Joris Corin Heyder ist wissenschaftlicher Mitarbeiter des Arbeitsbereichs Historische Bildwissenschaft/ Kunstgeschichte an der Universität Bielefeld.
Gašper Cerkovnik
Albrecht Dürer and the Woodcut Illustrations for the Salus animae Prayer Book of 1503
The authorship of small woodcut illustrations for the prayer book Salus animae published in 1503 in Nuremberg divided Dürer-scholars in two equally prominent groups. The study of many copies after the series among Dürer's co-workers, pupils and other major and minor masters in Central Europe nevertheless suggests that to most of the 16th century artists and patrons the polemic would seem more or less pointless – for them the illustrations obviously often functioned as a more accessible source of Dürer's compositions and style.
Gašper Cerkovnik is an assistant researcher at University of Ljubljana, Faculty of Arts, Department of Art History.

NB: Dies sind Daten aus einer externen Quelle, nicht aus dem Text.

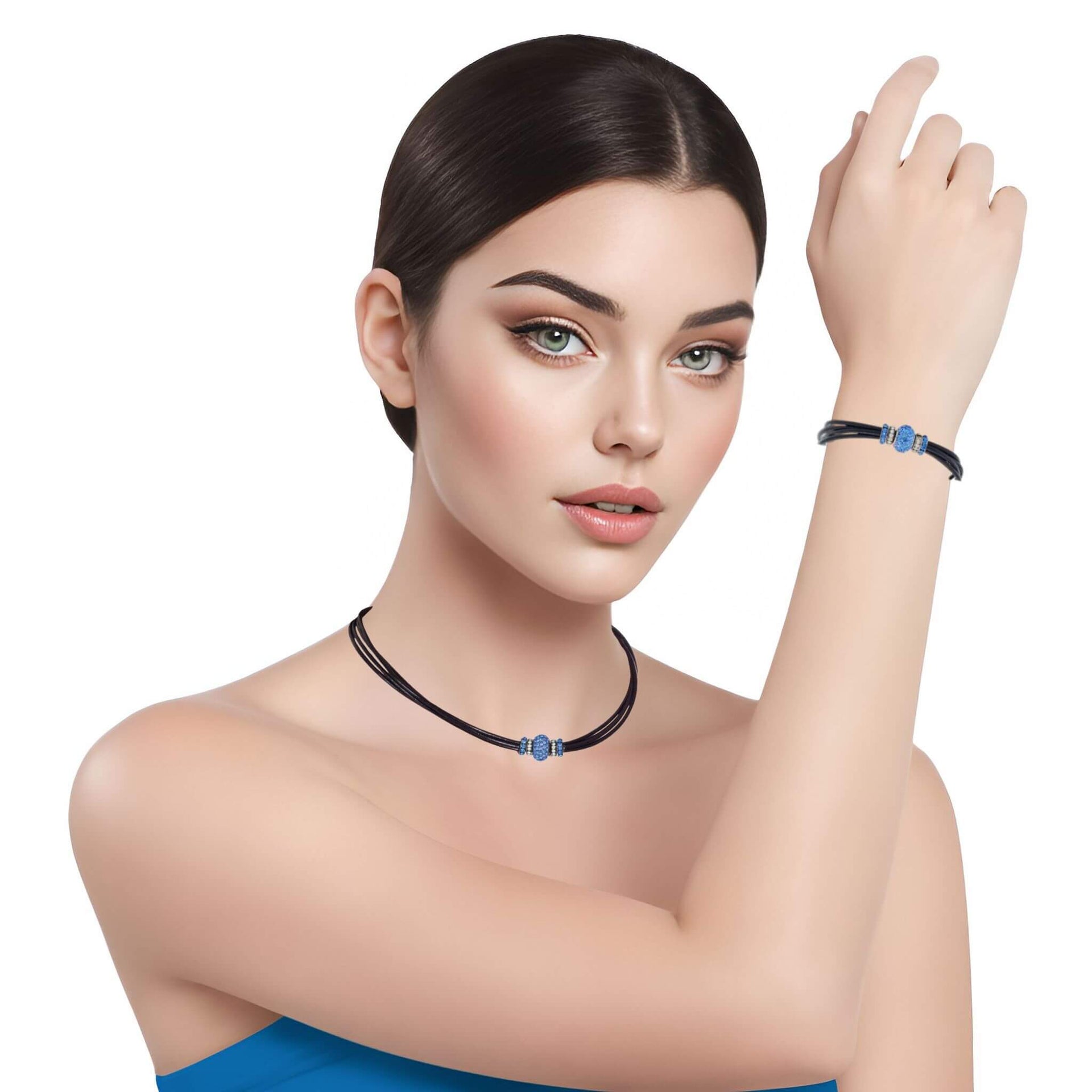 Set de pulsera y collar de cuero negro y brillantes de cristal azul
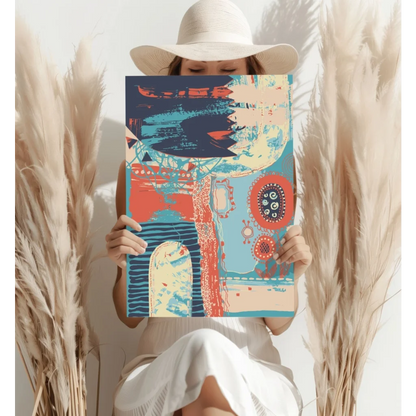 Vibrant teal coral abstract floral canvas wall art print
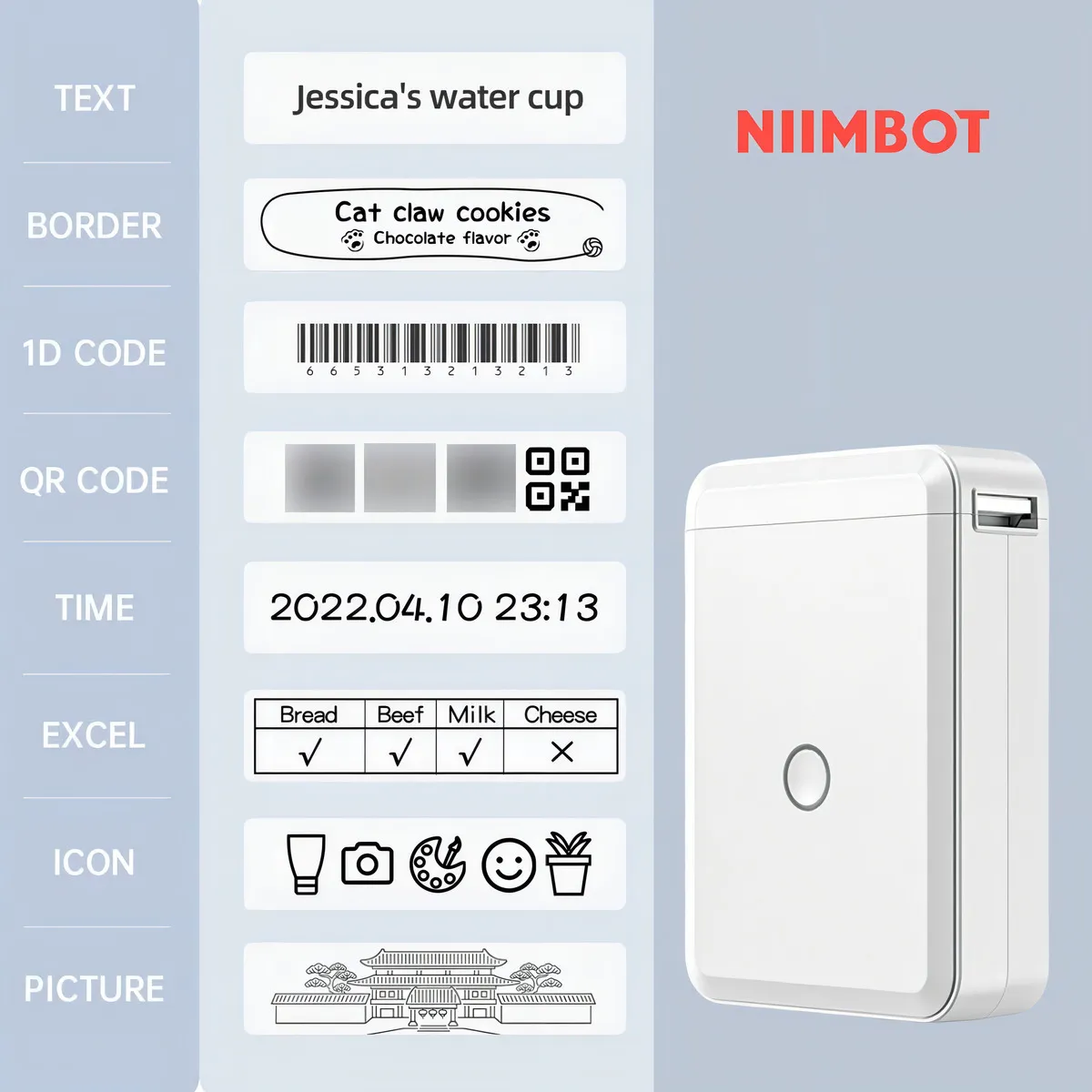 Impressora De Etiqueta Portátil Niimbot D110 Mini
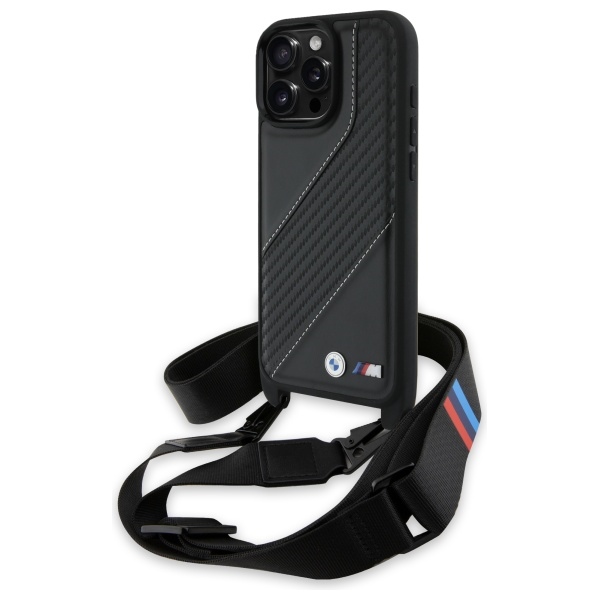 Bmw Bmhcp16x23pscck Iphone 16 Pro Max 6,9" Schwarz/schwarz Hartschalenetui M Edition Carbonstreifen & Riemen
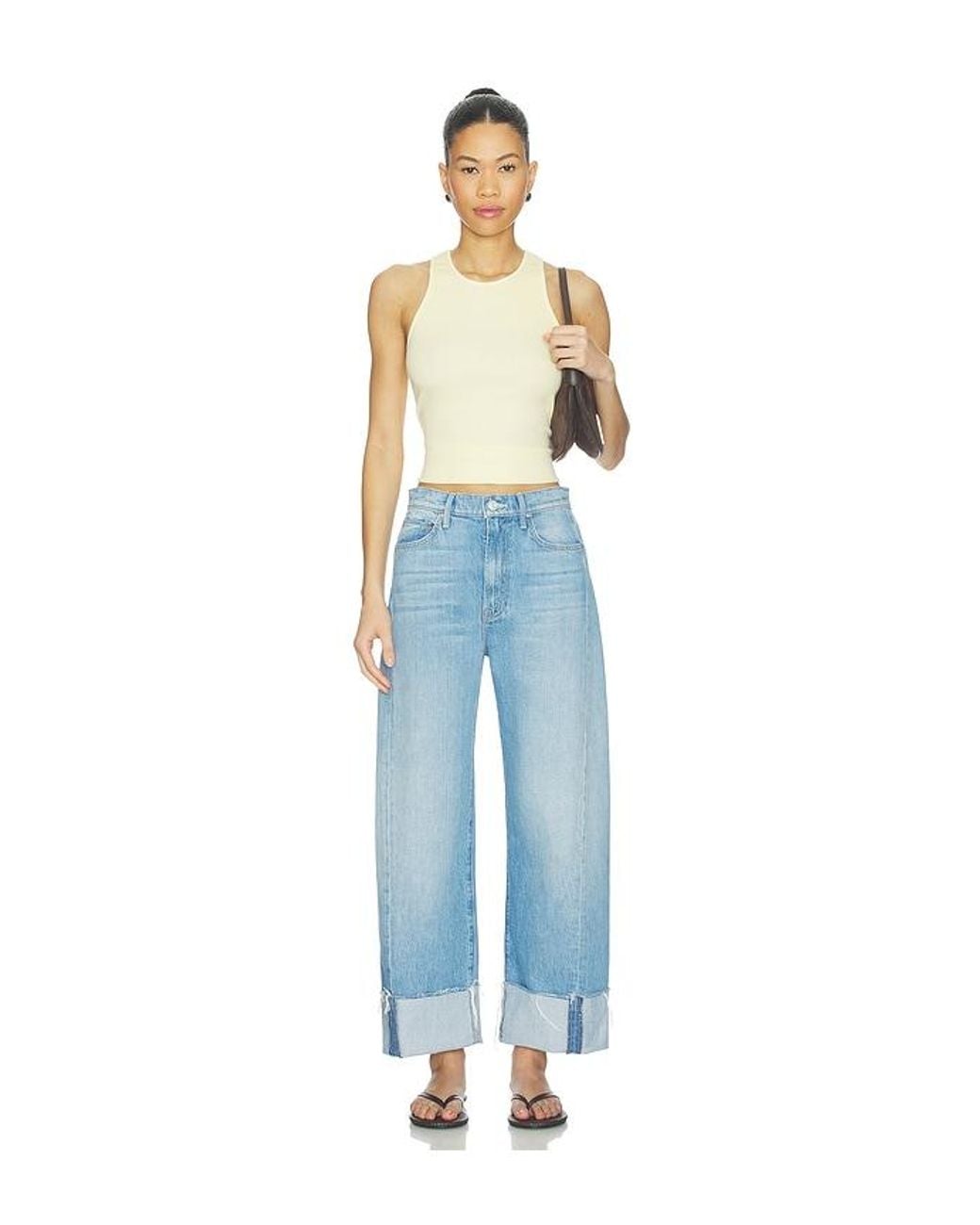 Mother Blue The Half-Pipe Ankle Cuff Fray Jeans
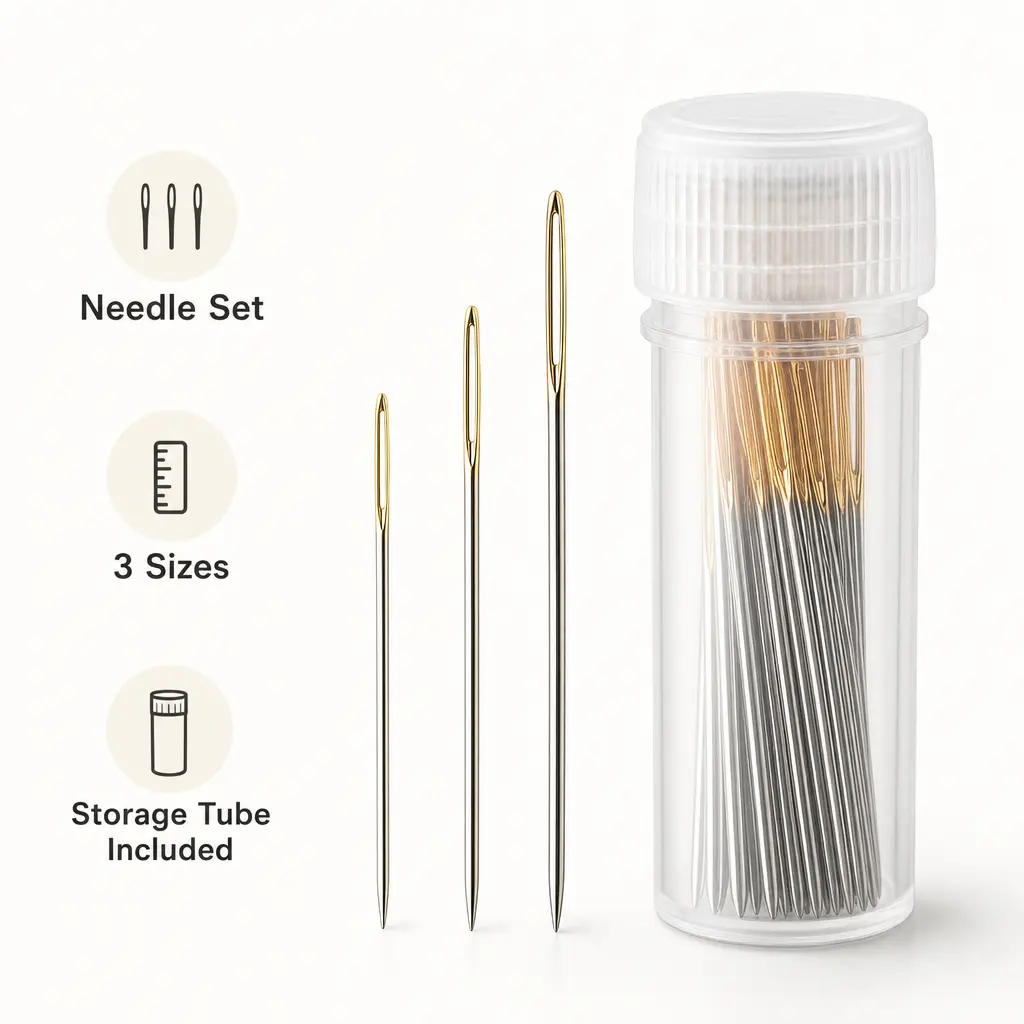 30 Pieces, Large Eye Gold Tip Sewing Needles with Clear Plastic Storage Tube, for Hand Sewing Embroidery and Household Craft Use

Dr. phil. des. Pirkko Rathgeber
Linien und Kreise.
Die Konstruktion figürlicher Mechanik und die Darstellung lebendiger Bewegung in der Lehre Albrecht Dürers
Albrecht Dürers Methode der mechanischen Biegung ist oft wegen der "Steifheit" der Ergebnisse der figürlichen Bewegungsdarstellung kritisiert worden (u. a. Condivi). Diese Kritik ist vermutlich auch deshalb formuliert worden, "weil man diese Figuren als künstlerische Vorlagen mißverstand" (Hinz 2011). Aus diesem Grund auch nimmt der Vortrag die Kritik zum Ausgangspunkt und stellt im Hinblick auf die Bildvorlagen vereinzelte Textstellen aus Dürers theoretischem Werk vor, die sein Vorgehen der mechanischen Konstruktion als didaktische Strategie der Vereinfachung rechtfertigen und durch seine ergänzenden Anleitungen zur bildlichen Korrektur auch Hilfestellung zu einer überzeugenden Bewegungsdarstellung geben.
Dr. phil. des. Pirkko Rathgeber, Universität Basel
Prof. Dr. Karlheinz Lüdeking
Die Wirksamkeit der Druckschrift in Dürers Selbstporträt von 1500
Aufgrund seiner betonten Frontalität ist Dürers Selbstporträt von 1500 immer wieder mit dem Christusbild verglichen worden. Frontalität ist aber auch ein Merkmal geschriebener und gedruckter Schrift. Dieser banale Umstand wurde bei der Deutung des Bildes bislang kaum beachtet, obwohl der Schrift in diesem Gemälde offenkundig eine außergewöhnliche Präsenz eingeräumt wird. Der Vortrag unternimmt einen Versuch zu zeigen, was das zu bedeuten hat.
Prof. Dr. Karlheinz Lüdeking lehrt Kunstwissenschaft und Kunstgeschichte an der Universität der Künste Berlin.
Berthold Hinz (Prof. em. Dr.)
Albrecht Dürers anthropometrische Illustrationen in seinen "Vier Büchern von menschlicher Proportion" (1528)
Während Dürers künstlerische Graphik weltweit höchstes Ansehen genießt, wurde seine angewandte Graphik nicht nur von Künstlern verspottet (z.B. von Michelangelo und Hogarth), sondern auch in der Kunstwissenschaft kaum zur Kenntnis genommen. Dabei hat Dürer jahrzehntelang daran gearbeitet, seine wissenschaftlichen Bücher in angemessener Weise zu illustrieren. Hier soll ein Blick auf die Modalität seiner anthropometrischen graphischen Studien und deren Vorläufer bei der naturwissenschaftlichen Buchillustration geworfen werden. Seine Lösungen bestimmen das anthropometrische graphische Repertoire bis heute.
Berthold Hinz (Prof. em. Dr.) hatte zuletzt den Lehrstuhl für Allgemeine Kunstgeschichte an der Universität Kassel inne.